WHAT THE EXERCISE ASKS
Would you transcribe the records below exactly, omitting every picture?

SUPPLIED MATERIAL

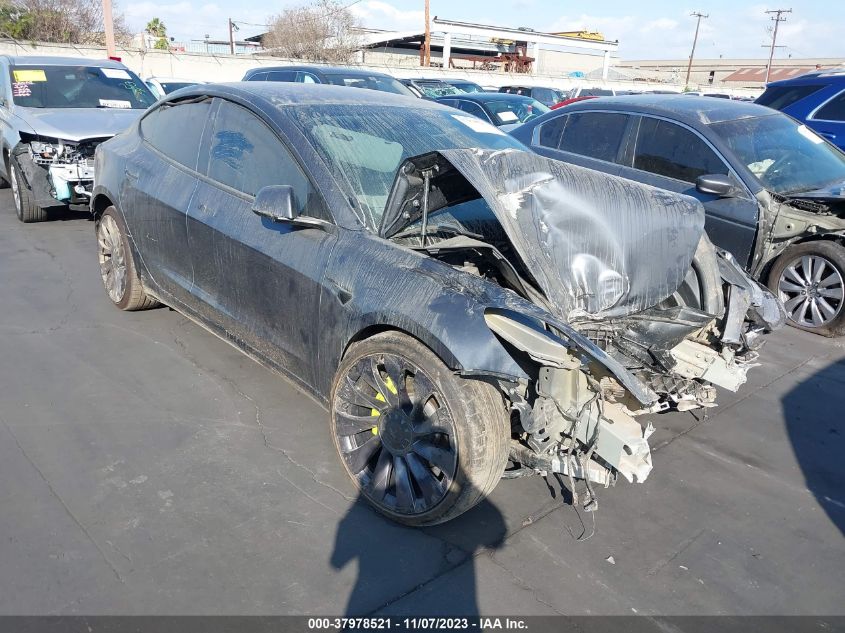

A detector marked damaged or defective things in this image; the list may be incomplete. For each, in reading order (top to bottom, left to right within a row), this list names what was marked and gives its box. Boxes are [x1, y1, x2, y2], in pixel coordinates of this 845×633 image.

white suv with front damage [0, 55, 157, 222]
damaged hood [14, 107, 144, 142]
wrecked black tesla sedan [92, 85, 784, 528]
damaged hood [442, 148, 704, 320]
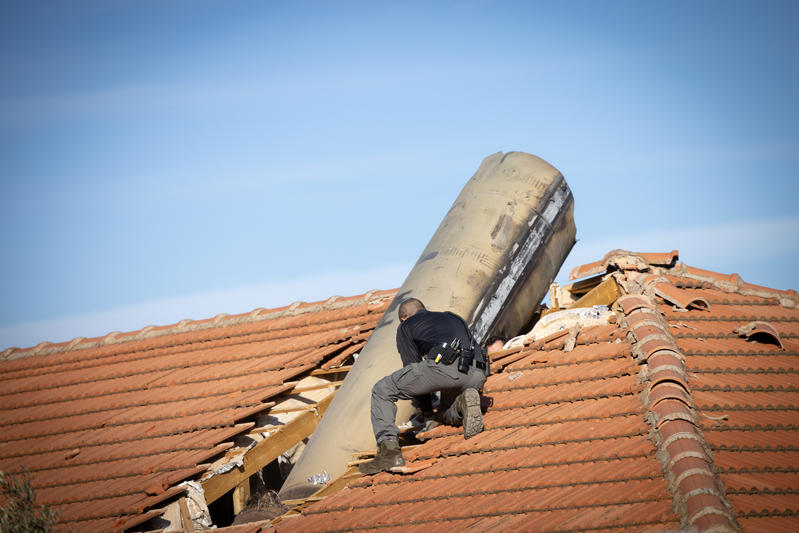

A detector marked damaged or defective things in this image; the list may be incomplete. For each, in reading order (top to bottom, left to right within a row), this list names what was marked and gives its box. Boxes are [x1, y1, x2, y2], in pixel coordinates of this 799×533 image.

damaged roof [0, 290, 394, 532]
damaged roof [276, 249, 799, 532]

EXERCISE SOLUTION
A detector marked damaged or defective things in this image; the list may be incomplete. For each, in reading order (top to bottom, left to right within a row), this list names what was marked and gives its box. Boxes are [x1, y1, x2, y2], in pixel coordinates of this 845×633 image.

white suv with front damage [0, 55, 157, 222]
damaged hood [14, 107, 144, 142]
wrecked black tesla sedan [92, 85, 784, 528]
damaged hood [442, 148, 704, 320]

A detector marked damaged or defective things in this image; the list may be incomplete. For each, in reading order (top to bottom, left to right within a row), this list names what was marked and gives its box. Boxes are [x1, y1, x2, y2], in pixel coordinates of this 799×533 image.

damaged roof [0, 290, 394, 532]
damaged roof [276, 249, 799, 532]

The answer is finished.